On Nov. 16, 1973, Skylab 4 launched as the third, and final, crewed mission to America’s first space station, Skylab. Commander Gerald Carr, pilot William Pogue, and scientist Edward Gibson spent a total of 84 days on orbit, which became the record, at the time, for the longest crewed spaceflight.
All three crew members were ‘rookie’ astronauts, on a mission chock-full of experiments and demonstrations, which included observations of the Earth, sun, and the comet Kohutek. The mission was a success, despite rumors of a ‘space strike‘ when radio communications were lost between the crew and Mission Control.

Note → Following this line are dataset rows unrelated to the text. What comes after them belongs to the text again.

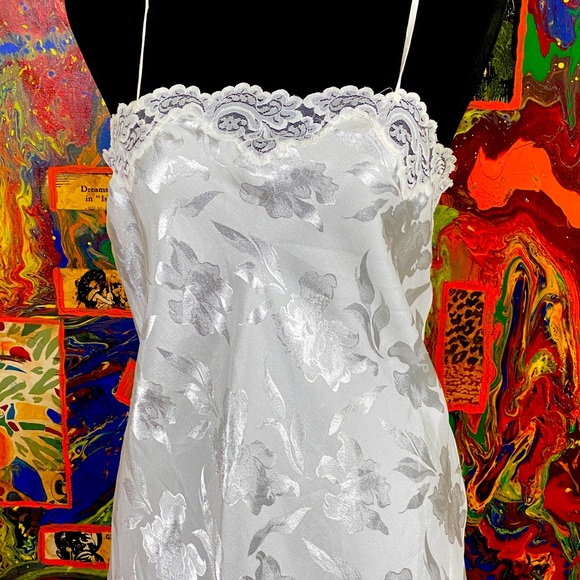 Newlywed lingerie! - Picture 1 of 5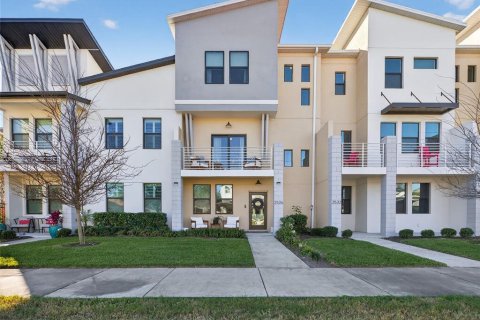 Townhouse in Saint Petersburg, Florida 3 bedrooms, 187.01 sq.m. № 2135118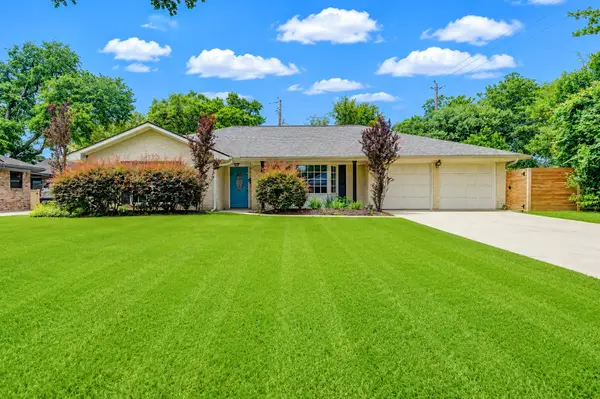 5019 Oak Forest Drive, Houston, TX 77018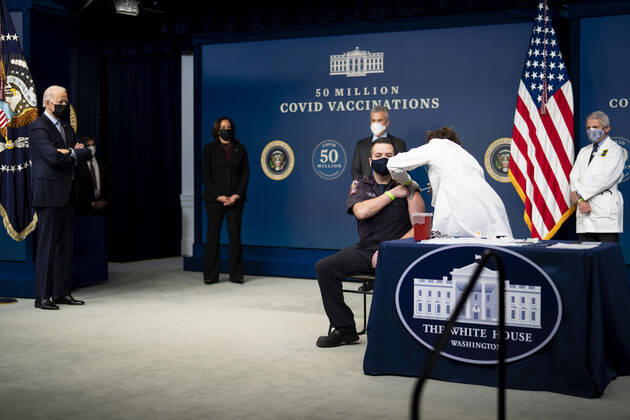 February 25, 2021, Washington, District of Columbia, USA: President Joe Biden looks on as a nurse gives a vaccine to Corey Hamilton, a firefighter EMT stationed at Engine Company 9 in Northwest DC, as he participates in an event commemorating the 50 million COVID-19 vaccine shot during a ceremony at the White House, Thursday, Feb. 25, 2021 Washington USA - ZUMAs152 20210225_zaa_s152_193 Copyright: xDougxMillsx
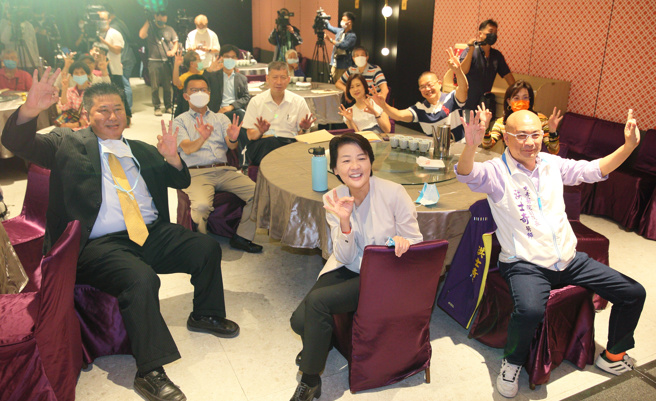 無黨籍台北市長參選人黃珊珊（中）24日出席台灣心臟外科研究發展協會演講，合影時會員們比出「33」手勢，為她加油打氣。（張鎧乙攝）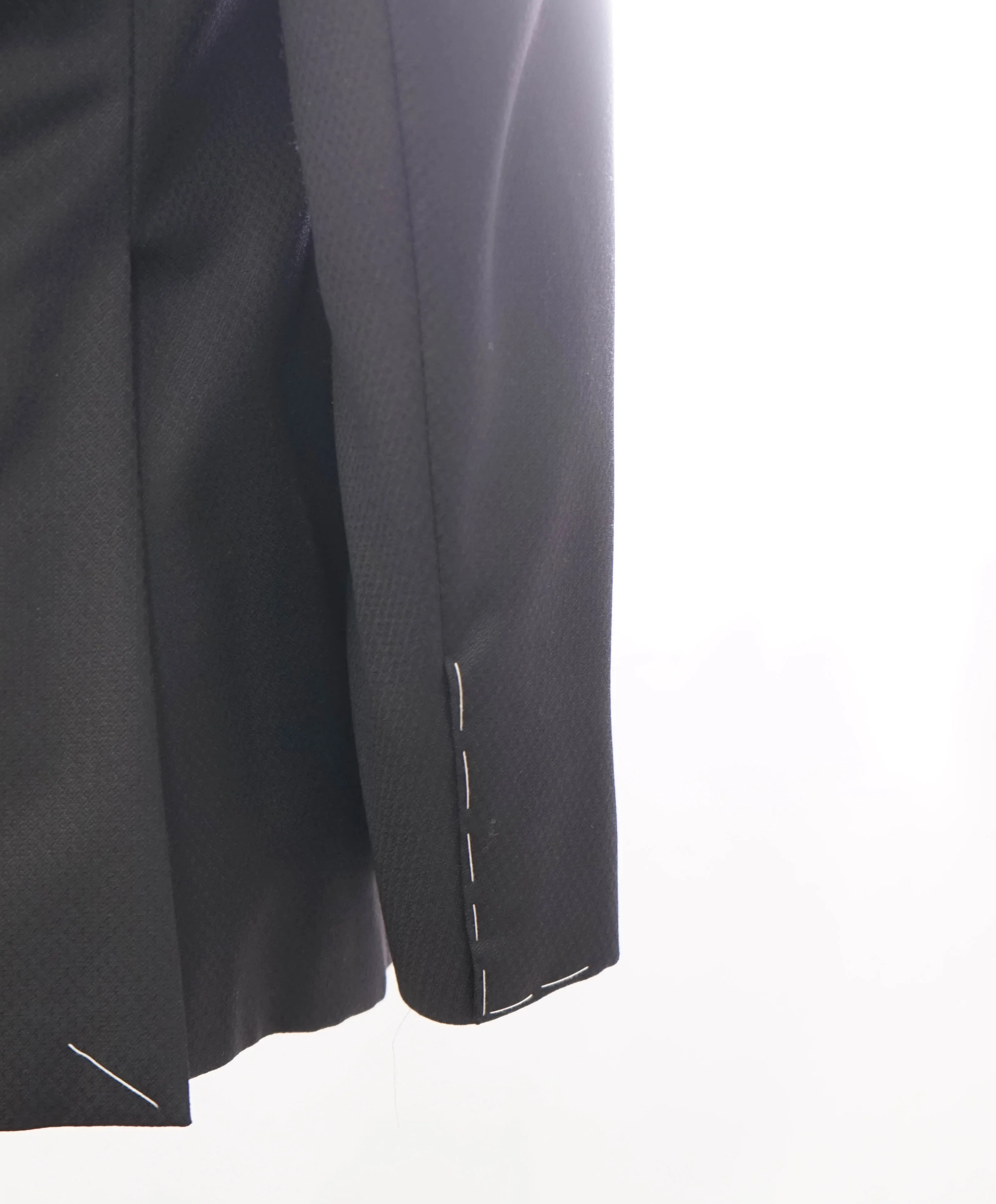$1,595 CORNELIANI - *17,75 MICRONS* Black STAPLE Blazer - 42S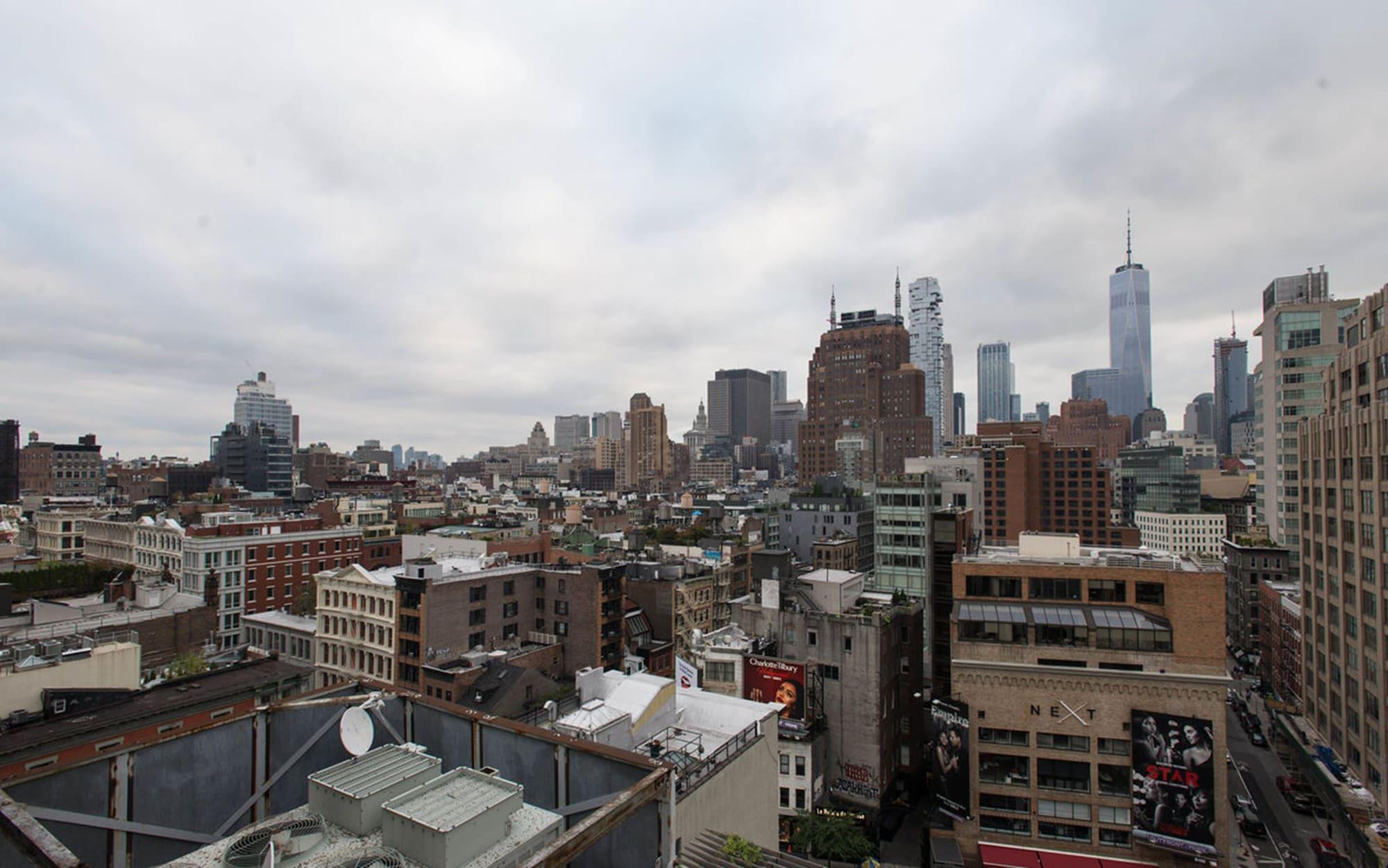 Sixty Soho Hotel Ню Йорк Екстериор снимка View from the Westbeth Artists Community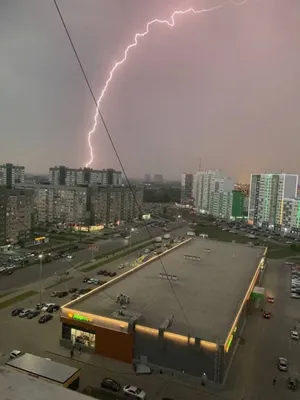 В Петербурге объявили оранжевый уровень погодной опасности - РИА Новости,  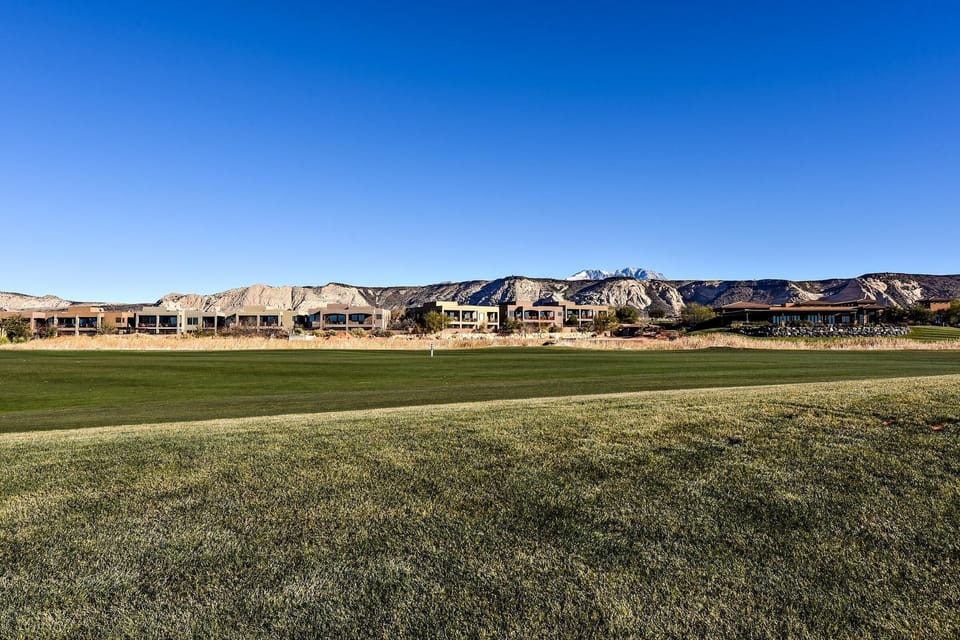 House, Multiple Beds, Mountain View (Fairway Oasis) | Golf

In total, the crew completed 1,214 Earth orbits and four spacewalks, technically called extra-vehicular activities (EVAs) during the “record-setting 34.5-million-mile flight.”
The purpose of Skylab was to provide an outpost in low Earth orbit where astronauts could learn to adapt to life in space, to work and live outside the Earth in a microgravity environment. The concept came alive in the form of a modified Saturn V rocket and from 1973 until it’s end in 1979, the space station hosted three crews of three, who carried out 270 scientific experiments (including the observation of the web-spinning space spiders), and logged upwards of 41 hours of EVAs, culminating in a combined 171 days on orbit and a total travel distance of more than 70 million miles.
Before their missions, Skylab astronauts trained extensively for their missions, which included practicing operations in the Neutral Buoyancy Simulator at NASA’s Marshall Space Flight Center. Crews trained underwater to simulate what it would be like to work in a microgravity environment. The underwater facility in Alabama was also used to design Skylab and plan repairs to the space station.
Skylab crews also prepared themselves for their time aboard the space station by training in the Skylab 1-G trainer, which is now on display at Space Center Houston in our Starship Gallery. The trainer is available for guests to walk through, to gain an understanding of what life aboard America’s first space station must have been like. It is the largest artifact in the center. Guests can also see a rare fragment of the station that survived the extreme temperatures of reentry in 1979. Not many traces of the station still exist.
Skylab paved the way for the International Space Station and future space exploration. It bridged the gap between the Apollo era and ISS. NASA’s One-Year mission aboard ISS continued to explore how long-duration spaceflight impacts those who live and work in space, the core focus of America’s first space station.
Today we remember Skylab, and the final crew to live and work there, which proved that even the sky is no limit for humankind’s imagination.